Mientras él seguía con su trabajo, ella salía de casa de
madrugada, no dormía bien, veía como los pescadores zarpaban en sus
barcos y se iban a pescar, después seguía un sendero bordeando la
costa, que llevaba a una pequeña cala. El acceso a ella era algo
difícil, pero pensaba que en verano sería un lugar fabuloso para
bañarse y disfrutar del mar. Los pescadores se habían habituado a
su compañía mientras preparaban las artes de pesca e incluso cuando
quitaban amarras la despedían con la mano. Luego seguía siempre su
ruta hacia la cala, sola, mirando como en el horizonte la claridad
poco a poco inundaba el paisaje.
Un
día se cruzó en el camino con una mujer, al principio se asustó
por cómo iba vestida completamente de negro y el gesto adusto de su
cara, era la primera vez que la veía y no la conocía. Pensó que
era otra mujer como ella, que no podía dormir y paseaba por la misma
senda. En diferentes ocasiones se cruzaron, siempre la saludaba
cortésmente, aunque nunca recibía respuesta. Pero un día, tal vez
madrugó más que otras veces o aquella mujer se retraso en su
rutina, la encontró arriba de la cala tirando una bolsa de tela al
agua, a esa agua mansa y tranquila. Sus miradas se cruzaron, y la
otra al verse pillada le informó que era un gato muerto. No le dio
más importancia, pero unas semanas más tarde fue nuevamente testigo
de la misma maniobra, volviendo a comentar la mujer que era un gato
muerto, esta vez recién nacido.
A
Martina no la convenció, sospechando que había algo raro tras aquel
bulto de tela.
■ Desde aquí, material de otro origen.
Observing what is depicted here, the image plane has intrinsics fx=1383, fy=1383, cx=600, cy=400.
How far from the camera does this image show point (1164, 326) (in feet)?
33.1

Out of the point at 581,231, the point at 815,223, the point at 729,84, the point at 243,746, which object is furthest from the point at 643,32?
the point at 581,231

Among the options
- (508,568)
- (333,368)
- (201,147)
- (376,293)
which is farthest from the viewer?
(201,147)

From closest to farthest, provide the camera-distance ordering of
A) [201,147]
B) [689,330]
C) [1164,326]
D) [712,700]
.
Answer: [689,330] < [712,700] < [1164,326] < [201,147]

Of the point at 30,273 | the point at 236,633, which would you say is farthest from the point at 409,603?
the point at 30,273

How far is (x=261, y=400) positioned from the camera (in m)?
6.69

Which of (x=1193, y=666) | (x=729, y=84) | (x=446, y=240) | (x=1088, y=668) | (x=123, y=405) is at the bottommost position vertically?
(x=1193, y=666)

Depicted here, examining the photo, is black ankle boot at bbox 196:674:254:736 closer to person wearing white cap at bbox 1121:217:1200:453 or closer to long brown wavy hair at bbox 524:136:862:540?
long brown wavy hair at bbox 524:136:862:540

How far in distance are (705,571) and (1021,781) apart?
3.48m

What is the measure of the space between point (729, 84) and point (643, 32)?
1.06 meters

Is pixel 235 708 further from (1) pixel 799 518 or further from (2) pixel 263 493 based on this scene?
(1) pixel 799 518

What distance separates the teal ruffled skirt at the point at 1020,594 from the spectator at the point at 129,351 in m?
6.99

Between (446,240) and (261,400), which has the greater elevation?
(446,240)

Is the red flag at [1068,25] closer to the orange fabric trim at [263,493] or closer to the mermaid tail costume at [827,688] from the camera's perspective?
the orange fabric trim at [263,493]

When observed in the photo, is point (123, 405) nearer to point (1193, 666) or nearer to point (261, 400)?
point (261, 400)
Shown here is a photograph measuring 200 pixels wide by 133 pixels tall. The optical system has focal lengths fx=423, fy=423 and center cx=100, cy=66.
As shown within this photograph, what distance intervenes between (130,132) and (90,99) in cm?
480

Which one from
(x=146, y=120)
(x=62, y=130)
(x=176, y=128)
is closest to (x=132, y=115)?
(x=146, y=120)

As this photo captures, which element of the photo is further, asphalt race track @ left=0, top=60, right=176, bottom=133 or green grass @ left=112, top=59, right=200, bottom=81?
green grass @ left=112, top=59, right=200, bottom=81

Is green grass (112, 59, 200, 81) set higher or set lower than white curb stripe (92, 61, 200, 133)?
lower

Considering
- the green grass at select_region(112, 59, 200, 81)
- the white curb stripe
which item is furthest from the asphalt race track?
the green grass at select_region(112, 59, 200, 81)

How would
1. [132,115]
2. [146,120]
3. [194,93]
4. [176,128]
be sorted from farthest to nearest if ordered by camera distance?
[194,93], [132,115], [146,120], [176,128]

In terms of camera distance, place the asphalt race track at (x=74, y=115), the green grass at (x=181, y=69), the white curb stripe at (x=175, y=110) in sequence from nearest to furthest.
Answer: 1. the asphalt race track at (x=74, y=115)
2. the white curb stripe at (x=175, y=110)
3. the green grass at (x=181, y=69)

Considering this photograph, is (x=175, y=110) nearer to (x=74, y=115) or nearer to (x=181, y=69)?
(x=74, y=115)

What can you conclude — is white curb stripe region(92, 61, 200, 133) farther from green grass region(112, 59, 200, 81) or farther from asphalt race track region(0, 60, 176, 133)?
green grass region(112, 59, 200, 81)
Decidió espiarla, pero no lograba tropezar con ella,
llegando a olvidarse del tema. Un día de mucha tormenta no podía
dormir, en cuanto la lluvia se calmó, salió a dar su paseo habitual
aunque era más temprano de lo acostumbrado. En la cala se sentó
sobre una piedra para admirar la reciente tranquilidad del mar,
entonces se percató de la llegada de la mujer, en su mano llevaba un
hatillo de tela, igual que otras veces, tras susurrar unas palabras,
arrojó el bulto al mar y se marchó. Martina quiso comprobar si
realmente se trataba de un gato muerto, se había fijado donde había
caído el hatillo y se tiró tras él. El agua estaba muy fría,
pero su voluntad férrea de encontrar aquel cuerpecito le dio
suficiente energía para sumergirse y rescatarlo. Una vez que lo
agarró en las profundidades, vio borrosamente una gran cantidad de
bultos, antes de subir a la superficie, agarro un par de ellos con la
otra mano y descansando en la orilla los abrió.
Los
nudos estaban bien fuertes y sus manos mojadas resbalaban
continuamente en la tela, pero tan firme era su convicción que no
cejó en el intento, y uno a uno fue desatando y descubriendo el
macabro contenido de aquellos trapos. No eran gatos, sino fetos, de
diversos tamaños. Un grito desgarrador se hizo eco por las paredes
rocosas que circundaban el agua, su dolor y su pena se abrió de
nuevo en sus entrañas, no comprendía lo que aquella mujer estaba
haciendo pero por lo que había visto bajo el agua, muchos
cuerpecitos yacían allí y merecían un lugar mas cálido y pacífico
que aquel frío mar.
Nerviosa
y tartamudeando se lo contó a Juan, quien tras zambullirse, comprobó
con horror lo que ella había contado, acudiendo rápidamente a la
Guardia Civil. Ciento diez eran los fardos encontrados y que la
marea ocultaba. Él no dudó en atribuirse el hallazgo, no quería
ver involucrada a Martina, quien nerviosa seguía en estado shock por
lo acaecido. Gracias a su descripción consiguieron encontrar a la
mujer, la imputaron por causar abortos sin estar facultada para ello.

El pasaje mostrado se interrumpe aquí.